AVAILABLE RECORDS: Begin

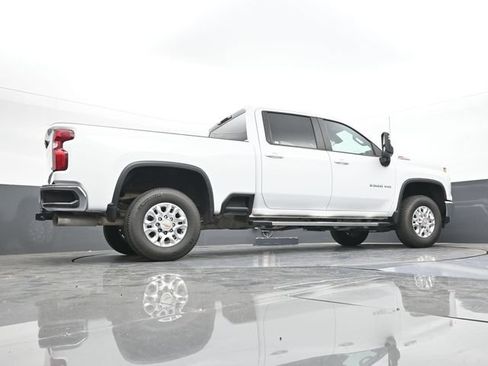 Used 2024 Chevrolet Silverado 2500 LT AWD/4WD image 51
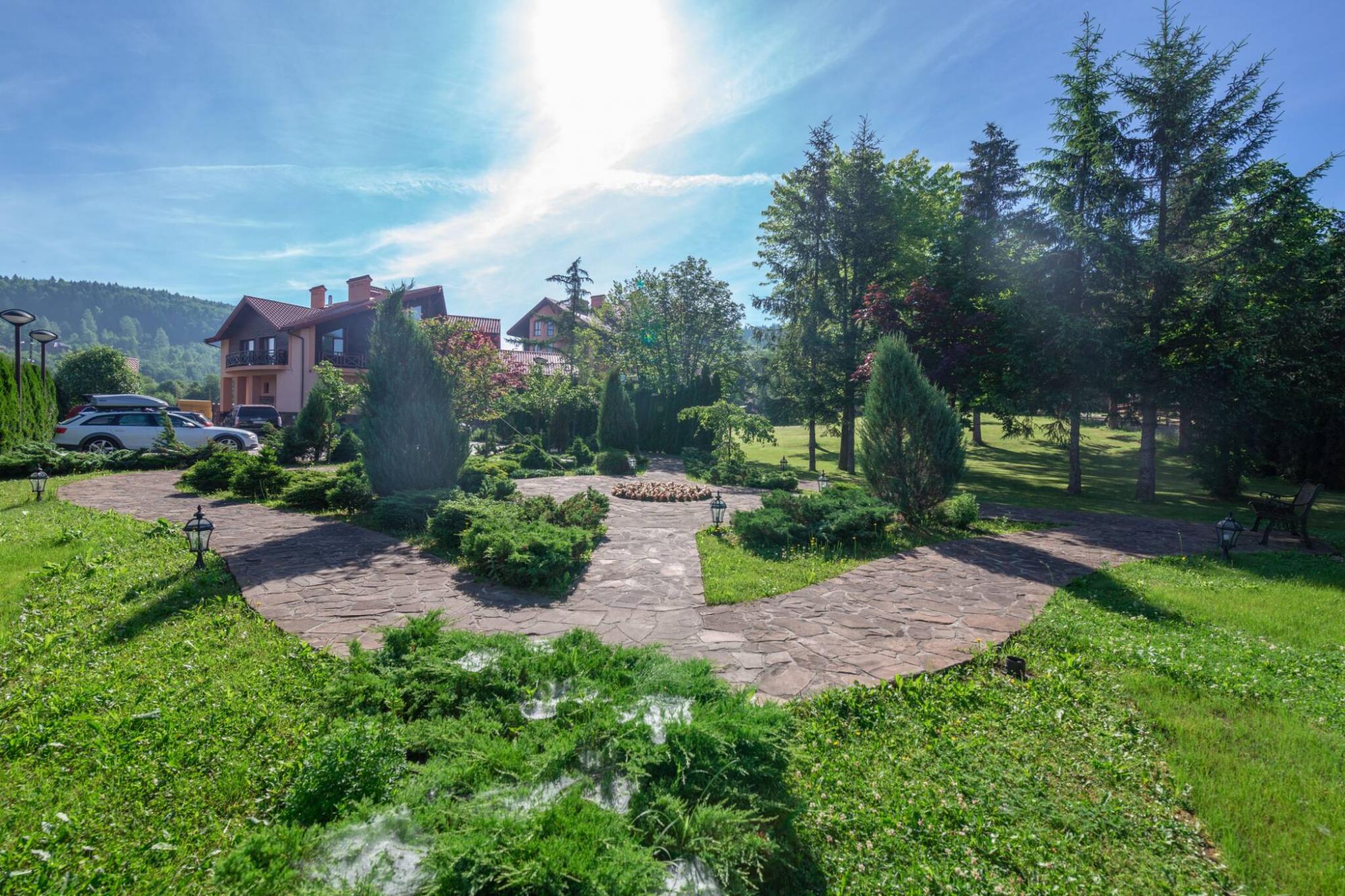 Трускавец и Сходница. Какие курорты западной Украины работают во время войны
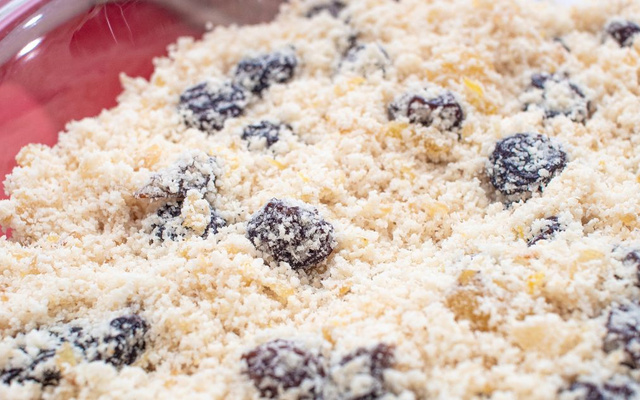 Farofa de uvas passas da Nice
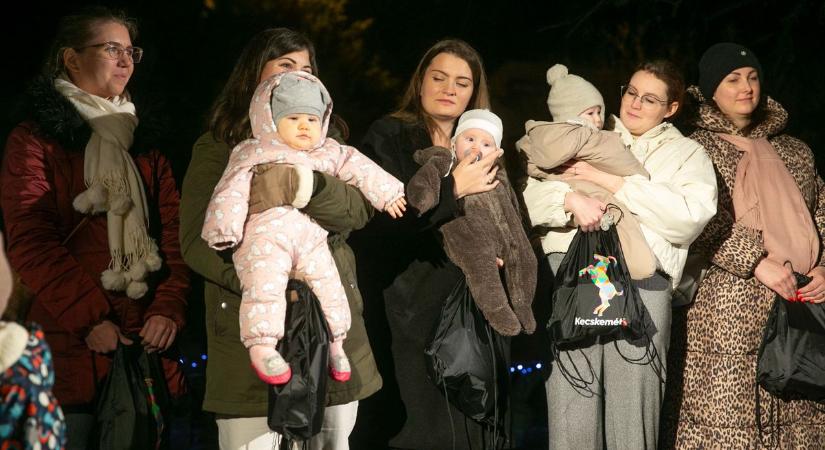 Együtt a koraszülött gyermekekért: felemelő jótékonysági ünnepséget tartott a Petőfiváros – fotók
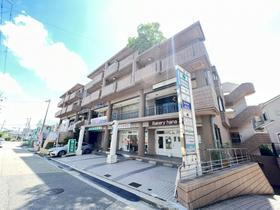 兵庫県宝塚市山本西２ 4階建 築33年2ヶ月
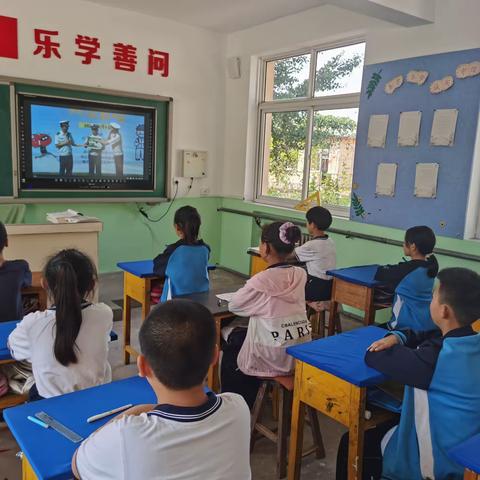 提高安全意识  铸牢安全屏障—育才小学组织收看中小学消防公开课网络直播活动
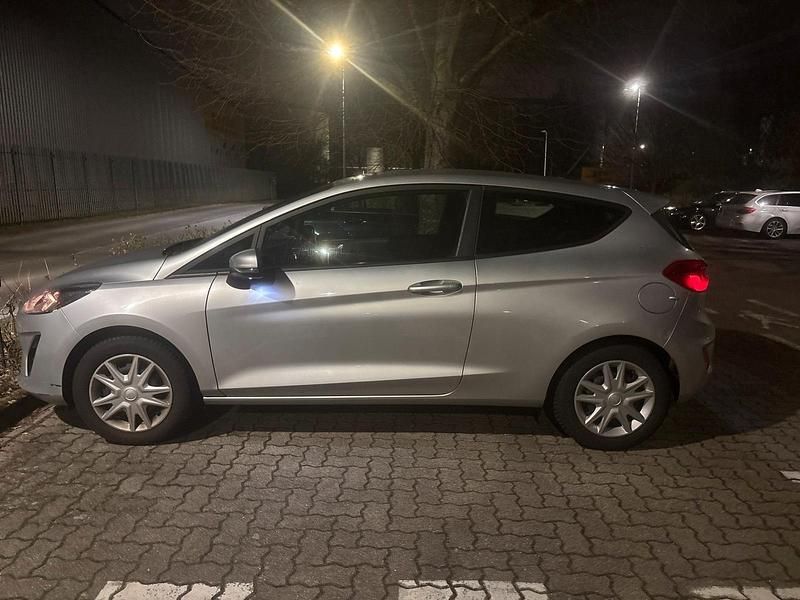 Gebraucht Ford Fiesta Titanium 71 PS (52 kW) 2019 Silber Kleinwagen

AVAILABLE RECORDS: End

REQUIREMENT.
Every line from the one with "Трускавец и Сходница." through the last line of the data must be copied exactly. Leave the pictures out.

RESULT.
 Трускавец и Сходница. Какие курорты западной Украины работают во время войны
 Farofa de uvas passas da Nice
 Együtt a koraszülött gyermekekért: felemelő jótékonysági ünnepséget tartott a Petőfiváros – fotók
 兵庫県宝塚市山本西２ 4階建 築33年2ヶ月
 提高安全意识  铸牢安全屏障—育才小学组织收看中小学消防公开课网络直播活动
 Gebraucht Ford Fiesta Titanium 71 PS (52 kW) 2019 Silber Kleinwagen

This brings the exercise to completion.